Oui, vous couriez après la gloire de passer un jour pour le fléau des jésuites, le défenseur de Port-Royal, l'apôtre du jansénisme, le réformateur des Chrétiens. V.
(14) Le présent n'est jamais notre but. Le passé et le présent sont nos moyens; le seul avenir est notre objet.

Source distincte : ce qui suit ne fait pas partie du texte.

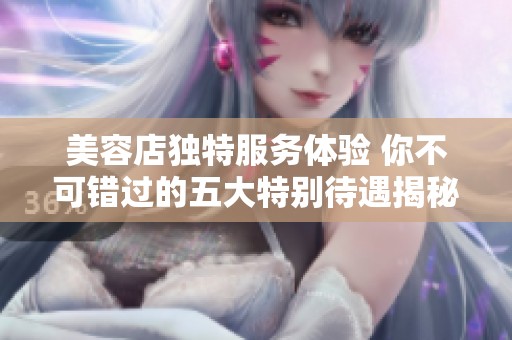 美容店独特服务体验 你不可错过的五大特别待遇揭秘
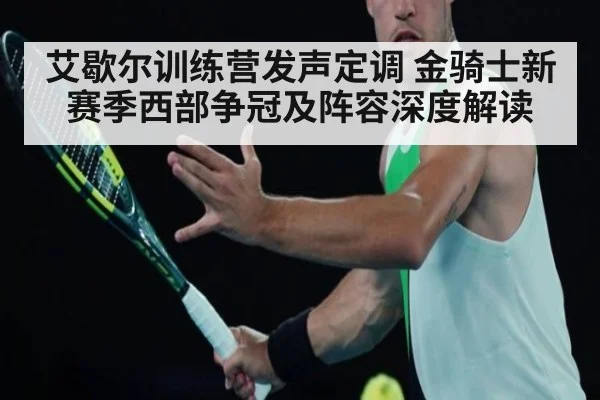 艾歇尔训练营发声定调 金骑士新赛季西部争冠及阵容深度解读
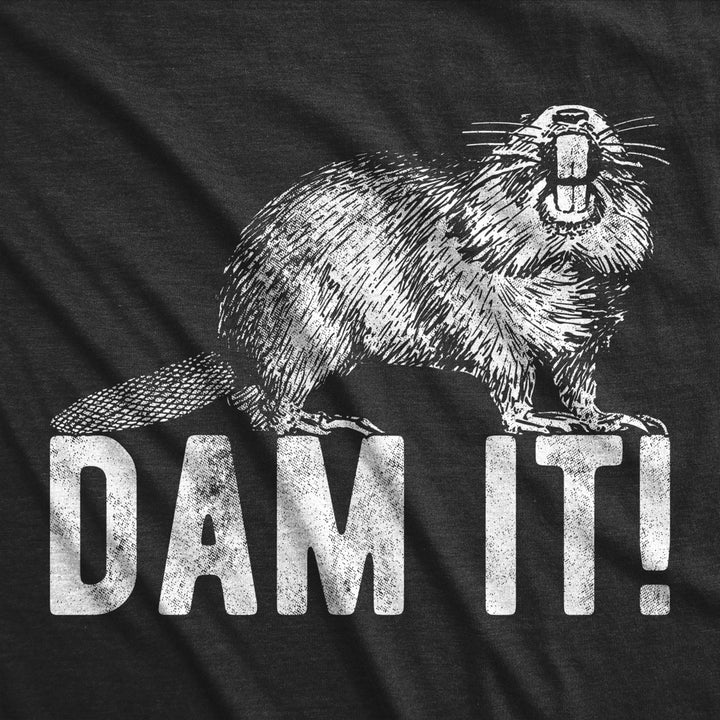 Mens Dam It T Shirt Funny Beaver Dam Tee Sexist Joke Top for Guys Image 2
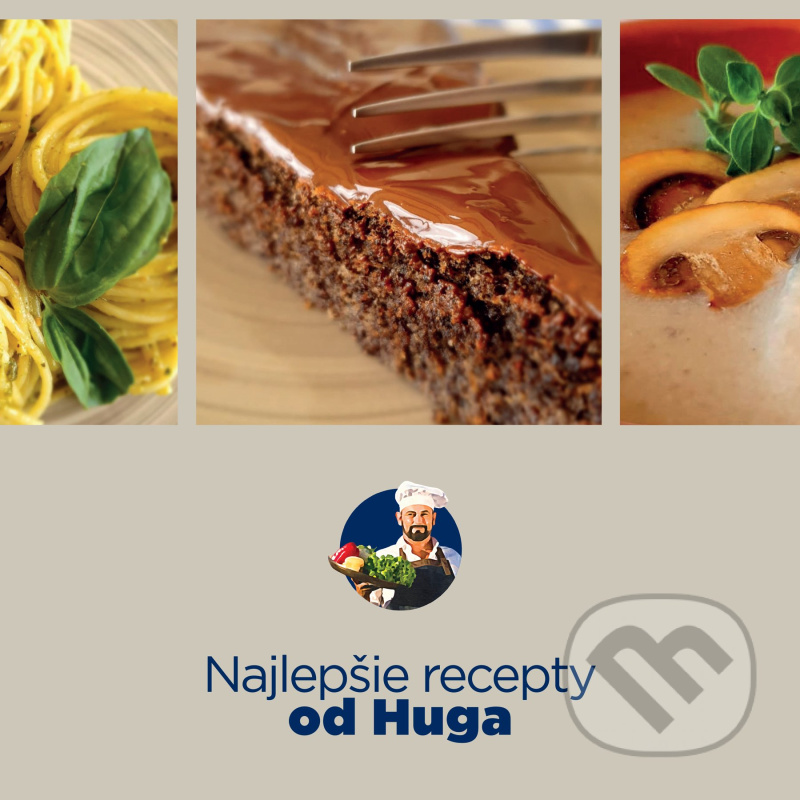 Najlepšie recepty od Huga - Hugo - kniha z kategorie Česká kuchyně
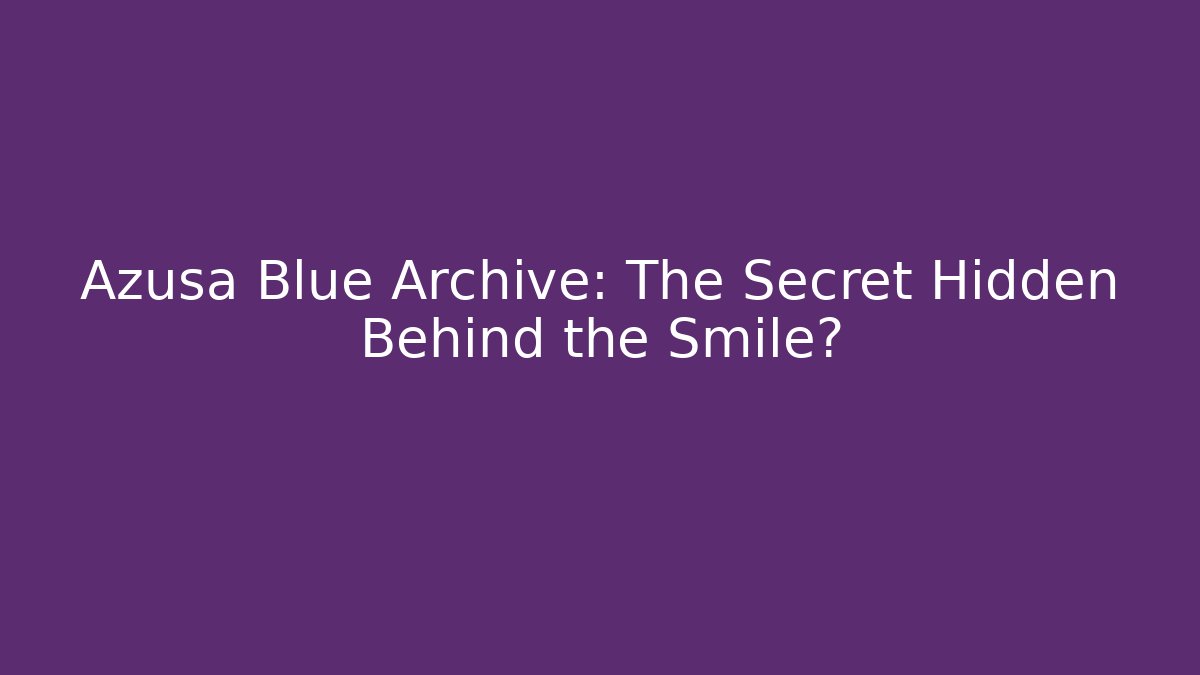 Azusa Blue Archive: The Secret Hidden Behind the Smile?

Il est faux que nous ne pensions point au présent; nous y pensons en étudiant la nature, et en faisant toutes les fonctions de la vie: nous pensons aussi beaucoup au futur. Remercions l'auteur de la nature de ce qu'il nous donne cet instinct qui nous emporte sans cesse vers l'avenir. Le trésor le plus précieux de l'homme, est cette espérance qui adoucit nos chagrins, et qui nous peint des plaisirs futurs dans la possession des plaisirs présents. Si les hommes étoient assez malheureux pour ne s'occuper jamais que du présent, on ne semeroit point, on ne bâtiroit point, on ne planteroit point, on ne pourvoiroit à rien, on manqueroit de tout au milieu de cette fausse jouissance. Un esprit comme Pascal pouvoit-il donner dans un lieu commun comme celui-là? La nature a établi que chaque homme jouiroit du présent, en se nourrissant, en faisant des enfants, en écoutant des sons agréables, en occupant sa faculté de penser et de sentir, et qu'en sortant de ces états, souvent au milieu de ces états mêmes, il penseroit au lendemain, sans quoi il périroit de misère aujourd'hui. Il n'y a que les enfants et les imbécilles qui ne pensent qu'au présent; faudra-t-il leur ressembler? V.
On connoît ce vers de M. de V.:
Nous ne vivons jamais, nous attendons la vie.
Et celui-ci de Manilius:
Victuri semper agimus, nec vivimus unquàm.
(15) Plaisante justice qu'une rivière ou une montagne borne! vérités en-deçà des Pyrénées, erreur au-delà.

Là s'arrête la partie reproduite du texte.